You Can’t Put Light In A Box: Freedom’s Promise On A Dark Day

You Can’t Put Light In A Box: Freedom’s Promise On A Dark Day April 20, 2013

On Thursday, while there were still two young men terrorizing my neighborhood, I was in Virginia with all three kids.  We spent the day at Mount Vernon, George Washington’s estate.  Near the end of the day, we took an hour-long tour of the estate which focused on slave life at the plantation and Washington’s changing understanding of the institution.  Washington is a hero of ours, and hearing how he transitioned from an eleven year-old slave owner to a man who ultimately came to  see slavery as wrong and who freed his slaves at the end of his life was powerful.  And yet, as the president of the Constitutional Convention and faced with southern states who would not ratify the constitution without accommodations made for slavery, Washington said that if he had to chose between ending slavery and preserving the union, he would choose the union.

A man who spent his life fighting for the principle that “all men are created are equal” wasn’t able to uphold that principle for the black men who laid down their lives fighting alongside him.  But, as our guide said as she ended our tour, “You can’t put words like that in a box.”

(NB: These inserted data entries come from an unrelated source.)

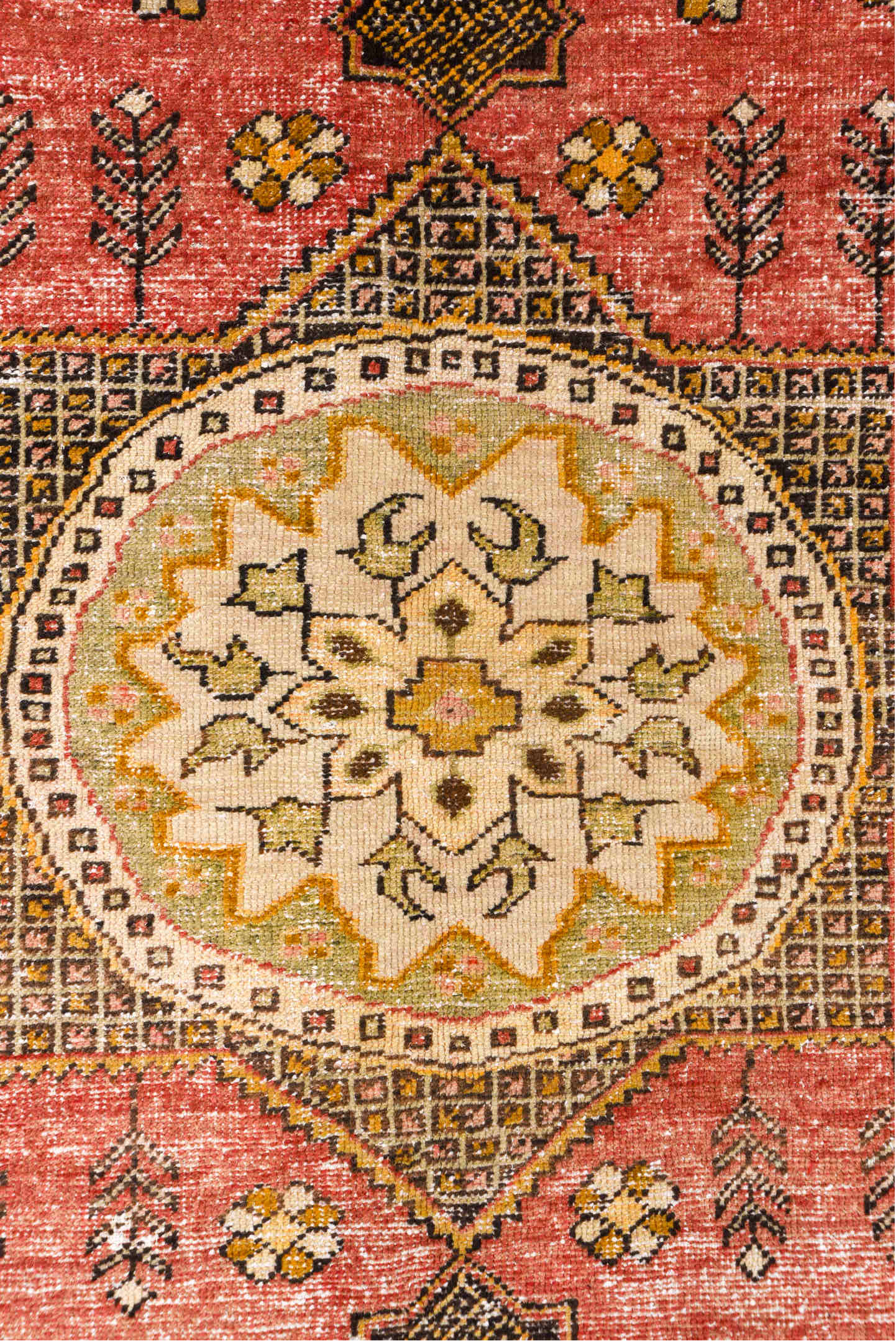 4' x 6' one-of-a-kind handmade vintage Oushak small size rug. Color palette: coral, brown, ivory, charcoal, gold, rose
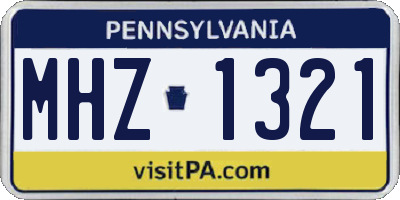 PA license plate MHZ1321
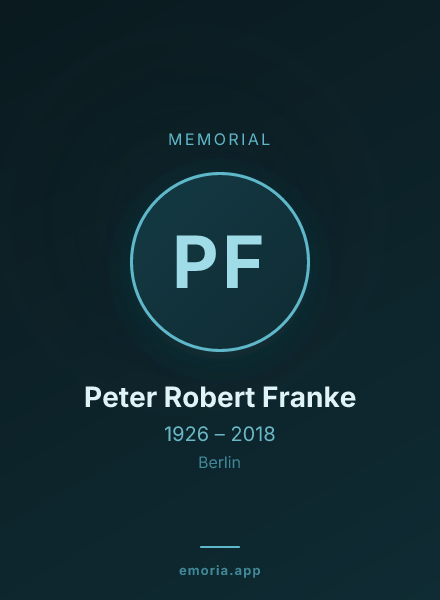 Memorial portrait of Peter Robert Franke
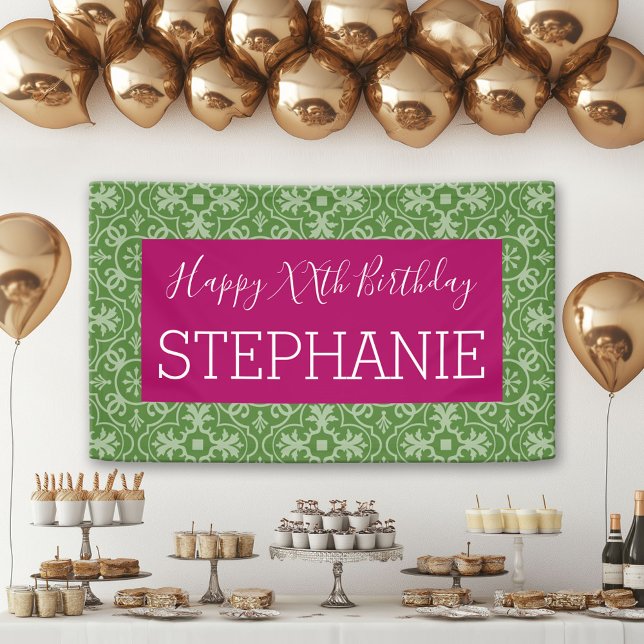 Banderoles Joyeux Anniversaire - Vert rose (Custom Birthday Banner)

Let that rattle around in your spirit for a minute.  You can’t put words like that in a box.  

I woke up yesterday prepared to head home to Cambridge.  I wanted to be at home – with Jeff, with my friends and neighbors, with my city.  Then we heard the news that there was a terrorist on the loose.  We packed the car and started for home, wondering if we would make it all the way.

We stopped in DC to visit the National Archive and see the Declaration of Independence, the very document that had inspired Washington and that he ultimately failed to uphold.  As we bent over the parchment, I had tears in my eyes.  This document inspired a man to leave his home and beloved wife for more than half of their forty years of marriage.  This document inspired the enslaved people who escaped from his home.  Those words have inspired countless others for more than two centuries.  And they likely inspired the immigrant family whose sons ultimately chose to deny it’s powerful truth that all people are endowed by their Creator with the right to life, liberty and the pursuit of happiness.

Whatever those young mens’ intentions, though, you can’t put words like that in a box.

Before leaving town, we stopped at the MLK memorial.  In his I Have a Dream speech, he called the Declaration of Independence a promissory note.  He saw the evils of oppression all around, but he never lost faith in the promise of that great document.  Rephrasing a quote from a 19th century abolitionist, King confidently reminded the country that, “The arc of the moral universe is long, but it bends toward justice.”

His monument looks out across the tidal basin at the monument to Jefferson, author of the promissory Declaration.  Those men and their words form a conversation that spans time and triumphs over circumstance.

As I drove home yesterday, the kids kept asking if we were going to make it all the way home.  I told them that I didn’t know if we would make it all the way home to Daddy that night.  But eventually, one way or another, in this life or the next, we would absolutely make it all the way home.  My lack of fear was surprising for me, but I was unusually confident of the words written two thousand years ago by a friend of Jesus: “The light shines in the darkness, and the darkness has not overcome it.”

Terrorism and oppression and even death have no power over the truth of that.  Those words are louder than bombs.  You can’t kill them, and you can’t scare them off.  You can’t put light in a box.